Grande Prairie, Alberta
With every competitor wearing identical, traditionally style snowshoes made from wood and gut, there are few advantages to be had.
However, when Yukoners they say it’s a level playing field, they could be speaking figuratively about the equipment, or literally about the terrain.
“It’s different from Whitehorse because there’s no hills anywhere,” said Yukon’s Logan Roots, at the Arctic Winter Games in Grande Prairie, Alberta. “I think the biggest elevation change we had was about three feet.”
“One of my friends said the biggest elevation changes was when you sank into the snow,” said Yukon’s Kieran Halliday.
Perhaps slightly out of their element on the flat prairie lands, Yukoners were still raking in the medals this week.
Competing in the juvenile male division, Halliday has three times graced the top podium step in the first two days of competition, taking gold in the 2.5-kilometre race Monday and in the sprint series and 4×400 relay with teammates Sara Burke-Forsyth, Aiden Bradley and Galena Roots on Wednesday. Running in the anchor position on the team, Halliday closed a 40-metre gap after the final handoff for the gold.

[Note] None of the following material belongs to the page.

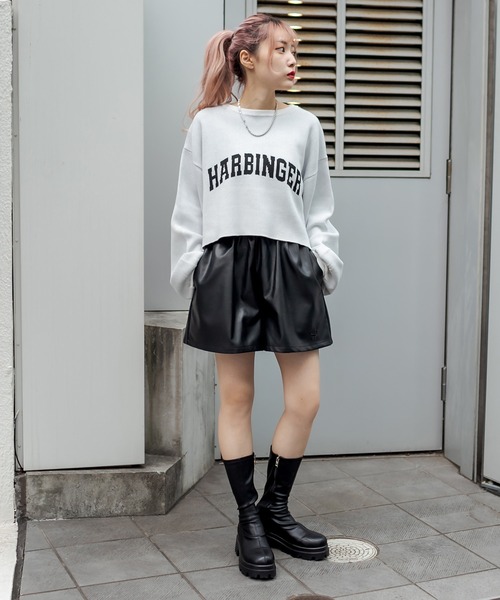 RASVOA(ラスボア)の「ジャガードショートニット(ニット/セーター・レディース・ブラック/グリーン/オフホワイト/グレー・FREE)」の11枚目の写真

Logan Roots has also gotten familiar with the podium steps this week, winning silver in the junior male five-kilometre race Monday and gold in the sprint series Wednesday.
Having taken gold in all his events at the 2008 Games in Yellowknife, Logan was a little disappointed to have the streak end on Monday.
“It was kind of expected because that was the first I saw snowshoes this year, so it was more of a training thing,” said Logan. “But, yeah, I was a little disappointed.
“The guy who beat me on Monday was at the last (Arctic Games) as well and was always close in every race. So it was good to be running with him for the most part and he just pulled away at the end.”
Like Logan, Sara Burke-Forsythe was just one spot out of a perfect record in her events, winning two golds and a silver in the juvenile female division this week.
Her gold medal in the juvenile female 2.5-kilometre race is foremost in Burke-Forsythe’s mind because it was a perfect example of friendly competition.
“My friend from the Alaska team and I were really close and we started talking a little right before the end and what we said was, ‘Whoever gets first, I’m going to give you a hug at the end,’” said Burke-Forsythe. “It’s so much fun. Meeting people and making friends with people that you’ll probably never see again unless they go to the next Arctic Games.”
Burke-Forsythe outpaced Alaska’s Amalia Tamone by less than half a second for the win. Galena Roots took bronze, just three second back from Tamone, and also grabbed bronze in the sprint series Wednesday.
Other finishes by Yukoners include Bradley winning bronze in the 2.5-kilometre juvenile male race, Benoit Latour coming eighth in the five-kilometre junior male race, and Dynes Nahanni and Chelsea Charlie coming fourth and seventh respectively in the five-kilometre junior female race.